[Task prompt]:
Although the data below contains pictures, output only the lines between those holding "CaptainK Muscle Car T-Shirt" and "Kérastase e LiveZone", inclusive, exactly and without those pictures.

[Listed entries]:
* * * * * * *
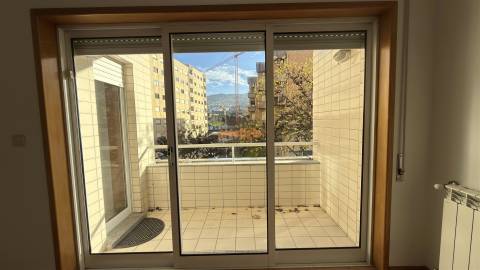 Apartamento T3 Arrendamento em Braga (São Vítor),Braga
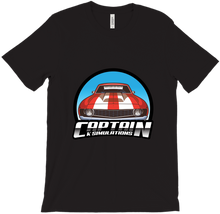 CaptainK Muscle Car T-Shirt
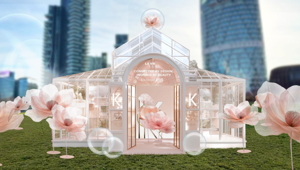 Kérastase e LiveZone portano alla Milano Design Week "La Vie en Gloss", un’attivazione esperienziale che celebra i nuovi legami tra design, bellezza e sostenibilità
* * * * * * *
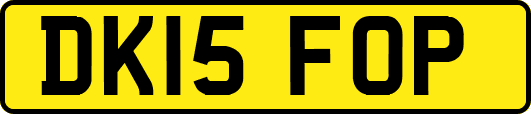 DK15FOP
* * * * * * *
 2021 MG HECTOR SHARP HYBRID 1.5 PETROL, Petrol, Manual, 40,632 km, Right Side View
* * * * * * *
[Exercise result]:
 CaptainK Muscle Car T-Shirt
 Kérastase e LiveZone portano alla Milano Design Week "La Vie en Gloss", un’attivazione esperienziale che celebra i nuovi legami tra design, bellezza e sostenibilità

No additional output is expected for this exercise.